Do Your Email Recipients Recognize You?
When you send an email for your Brand, you want your email recipients to read it.
ShinePages Support
Last Update 6 months ago
Introduction
When you send an email for your Brand, you want your recipients to read it. In order for this to occur, your email needs to be delivered, and the recipients should recognize is as valuable and deserving of their attention. While the content within the email itself is important, there is an additional aspect to consider. If the email lacks clear branding and fails to establish its origin as the entity from which the recipient willingly subscribed to receive emails, there is a risk that the recipients may overlook your message or, even worse, mark it as spam.
Therefore, we emphasize the importance of aligning your sent emails with your Company by following the best practises outlined below.
Before you start sending emails...
Ensure that you are only sending emails to individuals who have subscribed to receive emails directly from you and not addresses acquired some other way. As an example, purchased or rented lists, addresses collected via third party, partners, or emails that were collected from another brand of yours.
Clearly aligning your emails with your Brand
Let's say you want to email people who subscribed to receive emails from mybrand.com, make sure the following is always true:
1. The "From" address of the email should be @mybrand.com. That address is the address from which you send the emails and it should be the one verified in your Emails & Automations -> Settings.
2. The "From" name should clearly be associated with @mybrand.com. The field represents the Name that is displayed as the sender of the email and the recipient sees in their inbox.
3. It is crucial that the email is distinctly branded as a communication from @mybrand.com. A recommended approach is to prominently incorporate your brand's logo within the email. Relying solely on the small Company Name print in the footer may not be enough for the recipients to confidently recognize the email as originating from your brand.
4. Add a reminder in the email of why the recipient is getting the message. For example, you could include a phrase such as - " You signed up to our newsletter subscription here (provide the URL to the page with the form)".
Example 1: Email promotions coming from partners
An example of this is when a visitors subscribes to a newsletter on an Agency website that offers multiple services, with the expectation that the site will send them mail about those services, deals, etc... However, the mail they actually receive is branded from the specific service instead of the Agency website they signed up with. This leads the User to believe they are being sent an email from a Company that they did not sign up with, which is marketing a specific service.
Even if there is a sentence in the footer or somewhere else that this email is being received because the User is registered with the Agency, it is not enough. The recipient is expecting a clearly identifiable email from the Agency brand, not the partner. This can result in them hitting the Spam button.
The solution here is simple. Send the email from the Agency directly and include the services information by clearly identifying the branding of the Agency and then list the promotions of the partners down the email's content. Then it will be very clear to the recipient that the message of the service provider is coming from the Agency the User signed up with.

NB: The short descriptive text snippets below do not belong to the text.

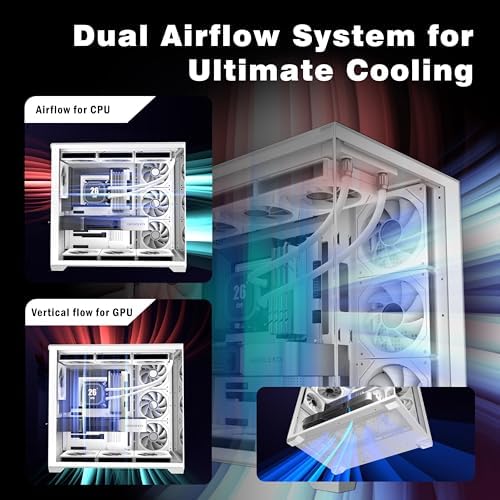 KEDIERS PC CASE 7 ARGB Fans Pre Installed  Mid Tower ATX PC Case with Panoramic Tempered Glass  Gaming Computer Case 360MM RAD Support White K4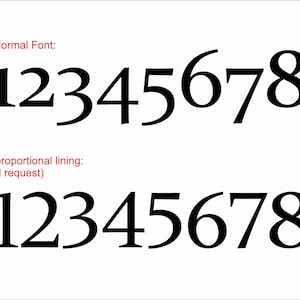 Mailbox Door Numbers - Etsy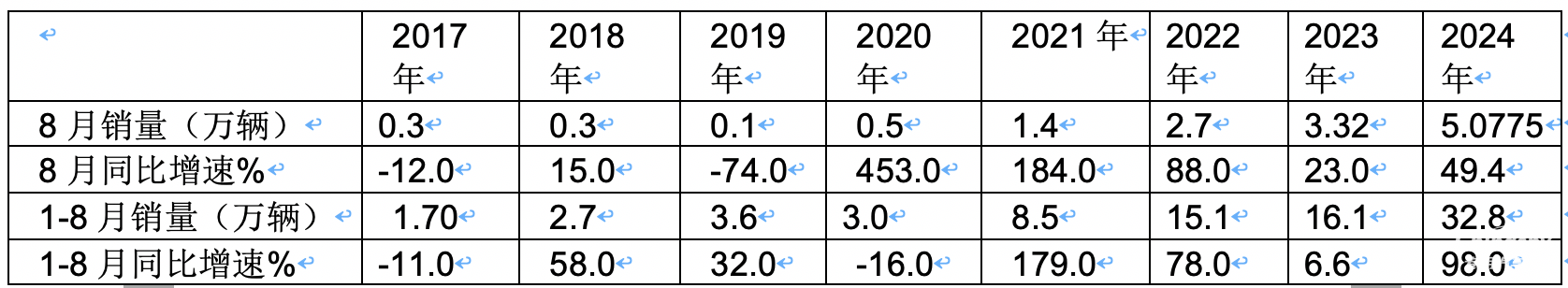 前8月新能源專用車：同比翻倍漲，銷量創(chuàng)新高！深圳\廣州\成都居前三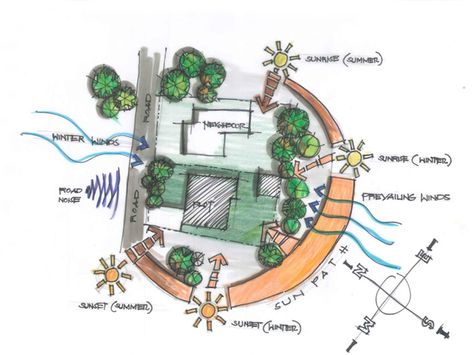 Have You Done A Thorough Home Site Analysis? Home Site Plan, Zoning Site Analysis, Sunpath Diagram Site Analysis, Architecture Site Plan Analysis, Site Plan Analysis Architecture, Architecture Site Analysis Drawing, Site Drawing Architecture, Site Zoning Architecture, Analysis Site Architecture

Example 2: Email from Product Brand
Let's say you have a Shop that offers a variety of products from different brands, such as Shoes, clothes, phone cases or anything of that subject. If a customer signs up to receive email about product offers and deals, they would expect to receive an email clearly branded as being from your own Store. However, if they receive an email with the sender being the Product brand and the contents are exclusively showing that Product's items only, it should be ok, right, since the User has agreed to receive products offers and deals? Wrong. The recipient is expecting to see an email from your Store, not the Company producing the product.

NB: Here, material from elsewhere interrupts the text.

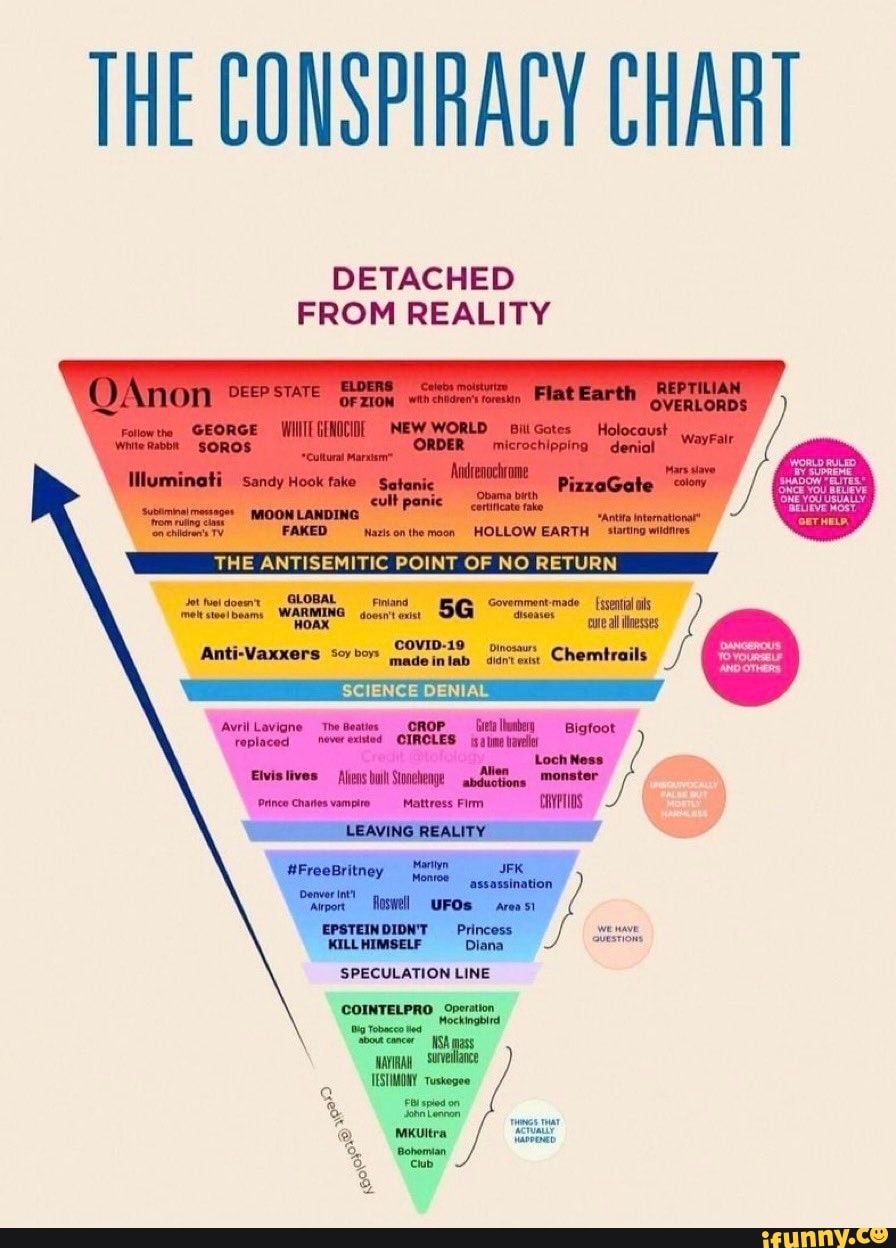 THE CONSPIRACY CHART DETACHED FROM REALITY QAnon THE ANTISEMITIC POINT ...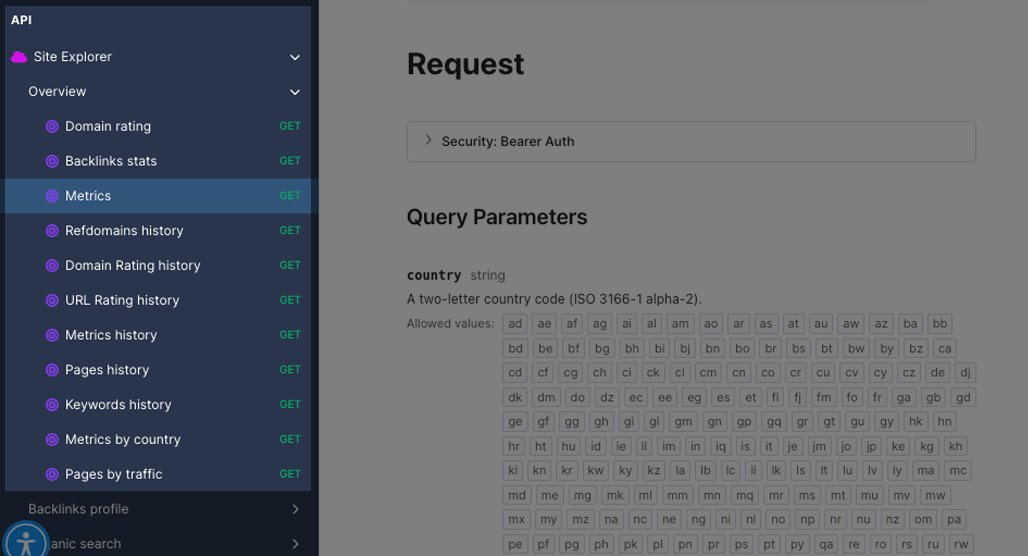 Ahrefs API data and metrics dashboard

The solution is the same as before, where the email is only being sent from the Store. Have the Store's from address and name, and start the email with something similar to " We think you will love this deal from Product X" In this scenario, things are aligned and the recipient is receiving an email directly from a familiar organization they signed up for and are not tempted to report it as Spam.
This is about best practices, not the law
In both of the cases above, there may well be language at the original site indicating that by signing up with the site, recipients are giving permission for partners, affiliates, or third parties to email them. By including this sort of language, this kind of sending may well be legal, and the recipient may have technically given permission for it.
However, this kind of sending is still problematic and may cause us to revoke your ability to send mail. Unless a user explicitly and directly signed up with the brand that, on casual inspection, appears to be sending them mail, there is a high likelihood that the message will be identified as spam either explicitly by the user or by automated algorithms that track engagement. To protect our ability to deliver high quality mail for all senders, SES requires that senders on our platform make it obvious to the recipient that messages are from an organization the recipient signed up with. If this is not obvious, then we consider the message to be unsolicited.
Recap
The key emphasis here is on maintaining alignment. When a user enrols with a specific brand, it is imperative that only that organization, without involvement from partners, other brands, affiliates, or third parties, sends emails to the user. To prevent any confusion, the email content must unmistakably establish its relation to the brand the recipient initially signed up with. Any attempt to obscure this relation may confuse users, making the email appear unsolicited, even if the user had indeed subscribed to receive such emails. SES strictly prohibits emails lacking a transparent link to the original brand the recipient signed up with.
If you make sure the subscribers, "From" addresses and names, and the branding of your email are aligned, then this should keep your sending reputation intact.